Segment Open
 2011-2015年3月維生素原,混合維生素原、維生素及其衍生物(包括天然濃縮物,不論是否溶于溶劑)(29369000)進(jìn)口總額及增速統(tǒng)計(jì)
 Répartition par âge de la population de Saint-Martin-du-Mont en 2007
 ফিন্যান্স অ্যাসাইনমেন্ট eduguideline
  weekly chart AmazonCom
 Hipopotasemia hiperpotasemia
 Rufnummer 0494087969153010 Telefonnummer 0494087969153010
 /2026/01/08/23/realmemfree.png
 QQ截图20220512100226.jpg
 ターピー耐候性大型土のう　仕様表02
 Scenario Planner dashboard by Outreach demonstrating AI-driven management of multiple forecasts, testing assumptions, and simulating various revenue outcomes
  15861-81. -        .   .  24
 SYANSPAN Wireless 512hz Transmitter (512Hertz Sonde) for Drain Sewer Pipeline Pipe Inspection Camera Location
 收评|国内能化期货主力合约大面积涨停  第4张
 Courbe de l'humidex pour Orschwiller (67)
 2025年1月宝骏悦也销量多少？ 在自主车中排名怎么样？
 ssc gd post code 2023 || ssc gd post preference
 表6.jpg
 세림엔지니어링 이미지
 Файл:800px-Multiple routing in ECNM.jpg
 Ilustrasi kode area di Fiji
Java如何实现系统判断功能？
Segment Closed
Activity = Transcribe each line of the listing above precisely as it appears.

Answer space =
 2011-2015年3月維生素原,混合維生素原、維生素及其衍生物(包括天然濃縮物,不論是否溶于溶劑)(29369000)進(jìn)口總額及增速統(tǒng)計(jì)
 Répartition par âge de la population de Saint-Martin-du-Mont en 2007
 ফিন্যান্স অ্যাসাইনমেন্ট eduguideline
  weekly chart AmazonCom
 Hipopotasemia hiperpotasemia
 Rufnummer 0494087969153010 Telefonnummer 0494087969153010
 /2026/01/08/23/realmemfree.png
 QQ截图20220512100226.jpg
 ターピー耐候性大型土のう　仕様表02
 Scenario Planner dashboard by Outreach demonstrating AI-driven management of multiple forecasts, testing assumptions, and simulating various revenue outcomes
  15861-81. -        .   .  24
 SYANSPAN Wireless 512hz Transmitter (512Hertz Sonde) for Drain Sewer Pipeline Pipe Inspection Camera Location
 收评|国内能化期货主力合约大面积涨停  第4张
 Courbe de l'humidex pour Orschwiller (67)
 2025年1月宝骏悦也销量多少？ 在自主车中排名怎么样？
 ssc gd post code 2023 || ssc gd post preference
 表6.jpg
 세림엔지니어링 이미지
 Файл:800px-Multiple routing in ECNM.jpg
 Ilustrasi kode area di Fiji
Java如何实现系统判断功能？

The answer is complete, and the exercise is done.